- SUPPLIED MATERIAL
──────────

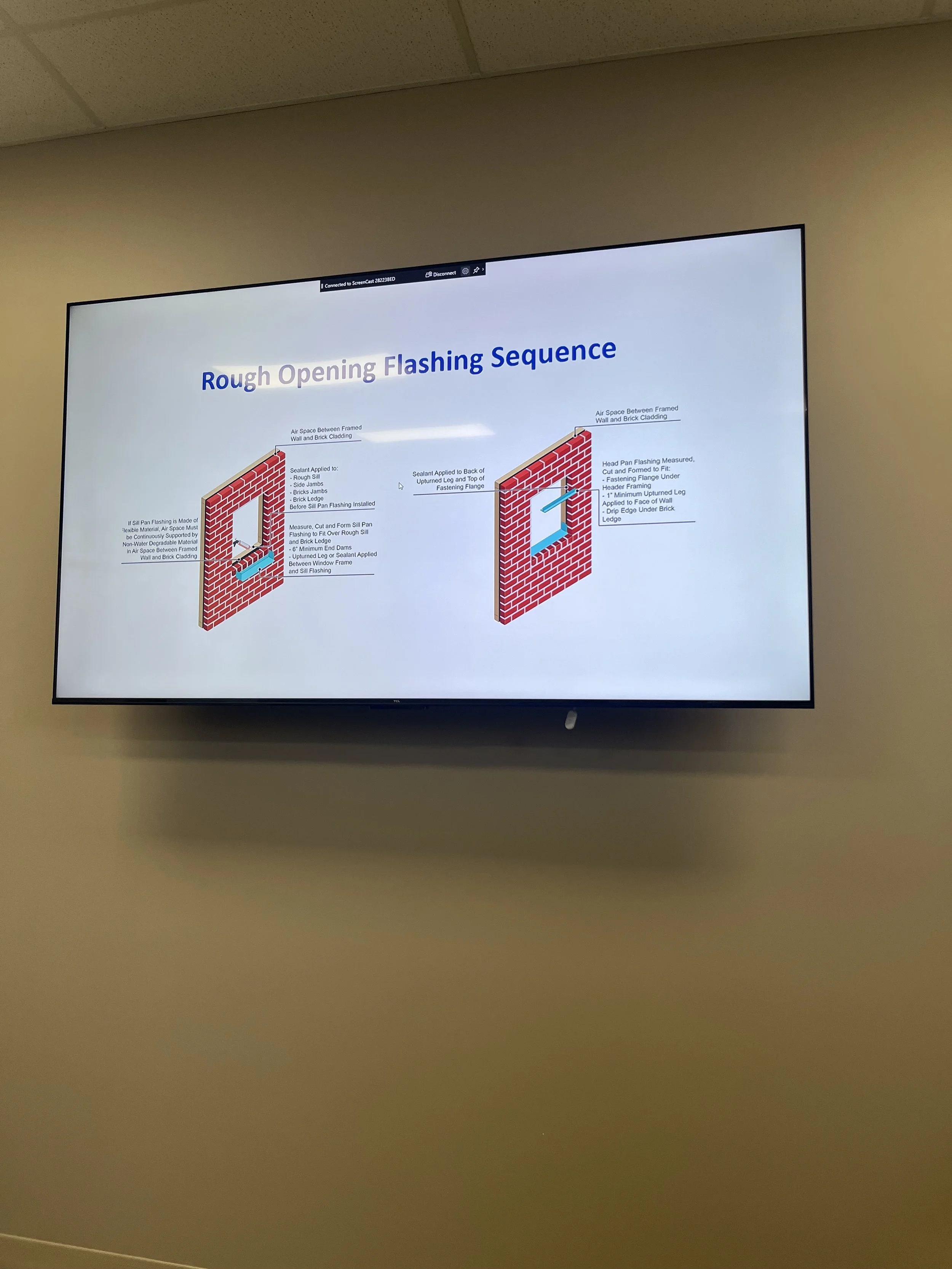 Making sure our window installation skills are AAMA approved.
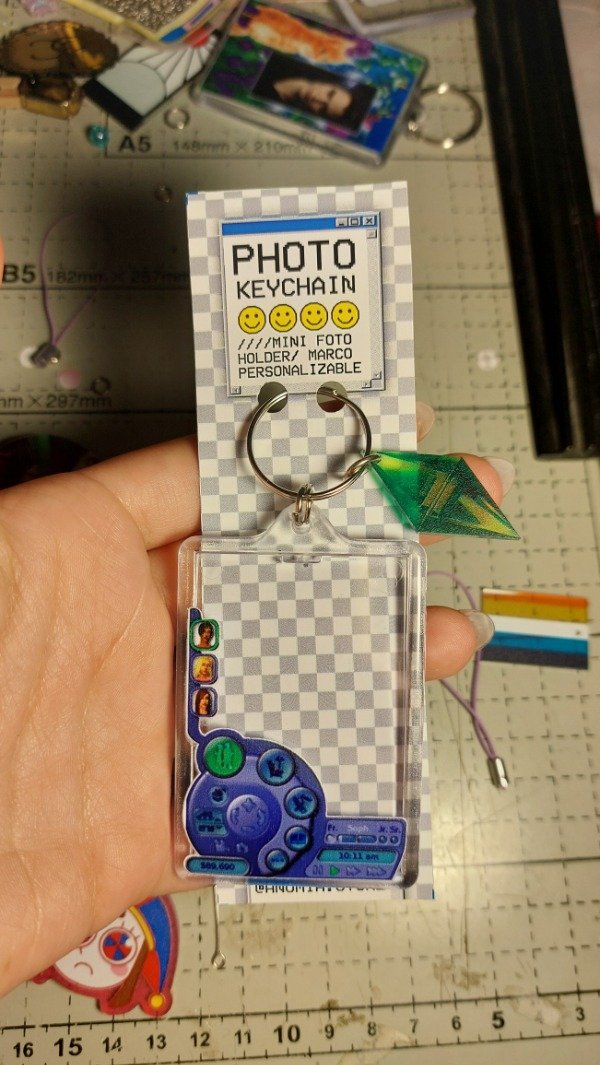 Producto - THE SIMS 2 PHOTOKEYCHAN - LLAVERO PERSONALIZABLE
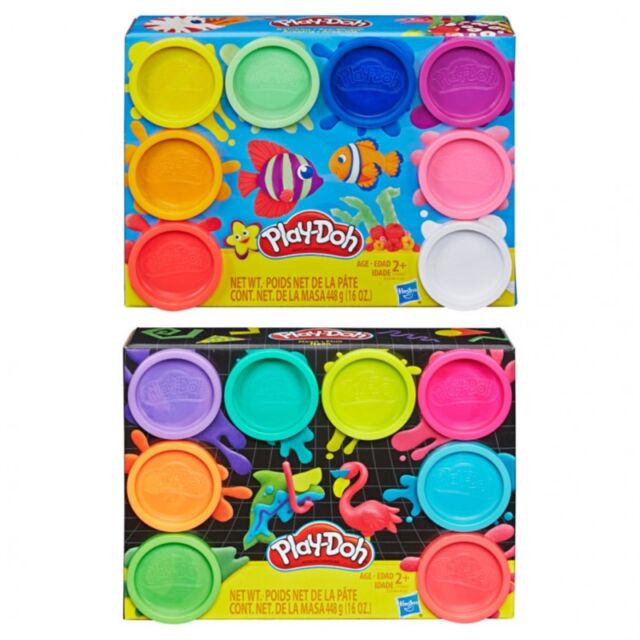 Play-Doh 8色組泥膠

──────────

- EXERCISE AIM
Retype the data in full. Images do not go in the copy.

- RESPONSE AREA
 Making sure our window installation skills are AAMA approved.
 Producto - THE SIMS 2 PHOTOKEYCHAN - LLAVERO PERSONALIZABLE
 Play-Doh 8色組泥膠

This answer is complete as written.